Five transactions were made:
14.9 ETHOS for PERP
But 0 ETH in transaction:
https://etherscan.io/tx/0x966CB083D116DA2E0D1D115A99381DB2200BD39FF75D38CFAC DC17B1368F1159
14.1 ETHOS for PERP
https://etherscan.io/tx/0xB74F4860E24F04E9E32ACE36735285D518A8A36BF8E8DCC868D7 508BB60947C9
9.151 ETHOS for SUSHI
https://etherscan.io/tx/0xB56DF76D4BF1384DC2744692D744DE44EFADCEC7226C6255532 A0D1EBDB5ABCC
12.014 ETHOS for YFI
https://etherscan.io/tx/0x7CF72852118597E6FF65226A17EAE5A078B6DE7AF791A6324906 D9D456F2B1B6
11.872 ETHOS for YFI
https://etherscan.io/tx/0x514C90C817C270663513E91492D77E9F7282598F5AFC3711800E 311B6E00BE99
When they were approving ETH for trading, trading was halted. Then they tried to do one more transaction after trading was halted:
https://etherscan.io/tx/0xAE3FAB1E5CFAE0A04F25155EC9047CF0F99DF4DDF7DDA1F1351E D4720FA3C030
For which they got a refund of REAL ETH.
Discovery and Update
0 mins : Unusual transaction reported from users
5 mins : DEVs acknowledge it and let node operators know
20 mins : Nodes stop the network, super majority needed.
2h : Software fix
4h : Super majority of nodes updated / fixed
6h : Resume swaps
Recovery
- Restore solvency to the vaults (funded by the Treasury)

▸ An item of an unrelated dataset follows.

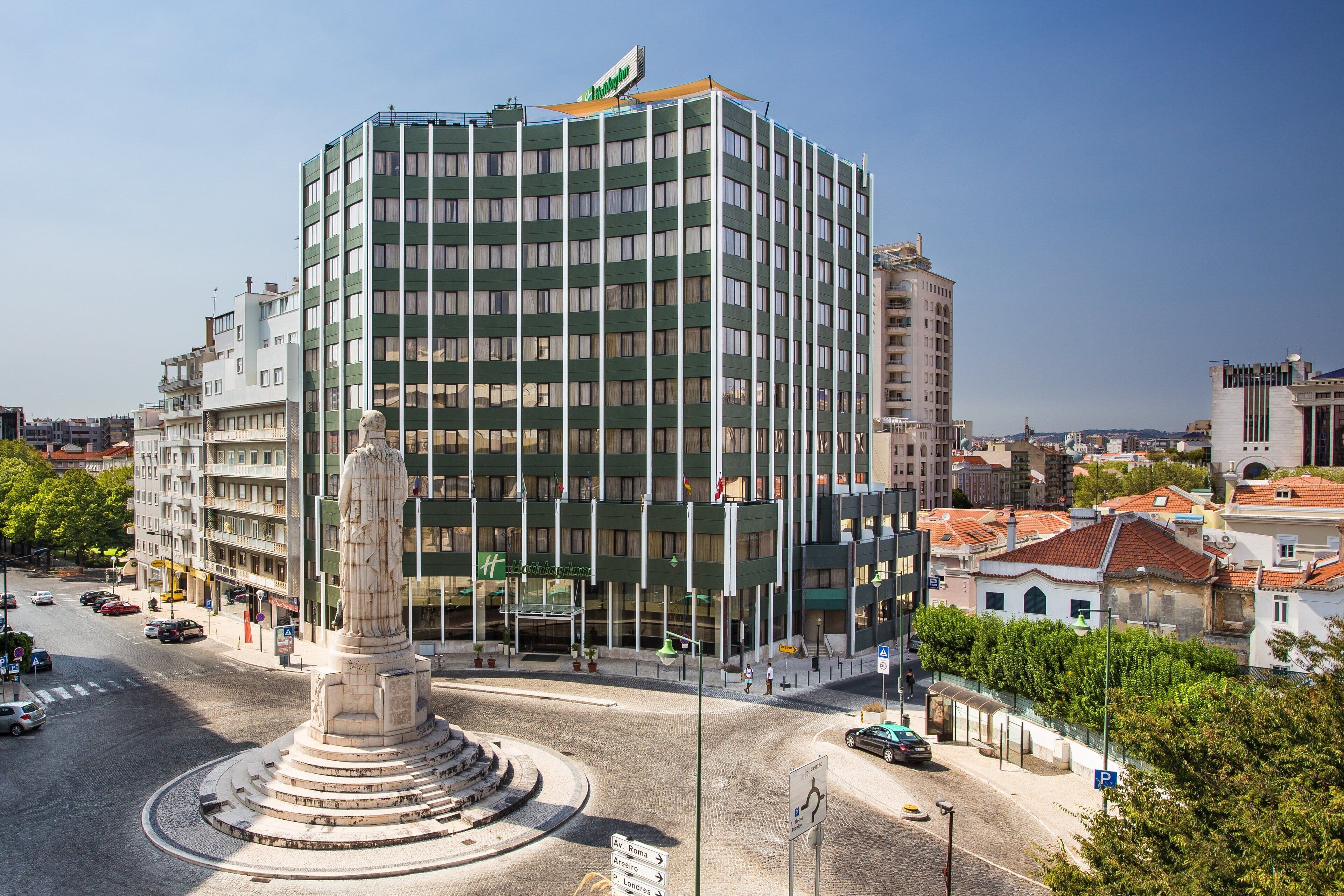 A modern hotel with a central courtyard and a statue.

- Refund Node Operator Bonds that were slashed when the network was brought partially back online and didn’t have full consensus
- Pay the Bug Bounty to the reporting user
The community are looking for 30 days of no major bugs before mainnet. This classifies as a major bug, so the clocks are reset.
There is a scheduled TrailOfBits audit in 2 weeks, which will do a full code-review. THORChain team will continue finding and scheduling audits, especially since the code is being upgraded to service THORFi, which adds to the complexity theatre.
In addition the team will more prominently establish a bug bounty for finding and reporting bugs. Attackers will always have eyes on the code looking for loop holes. THORChain community can also incentivise this behaviour but favourably for the network.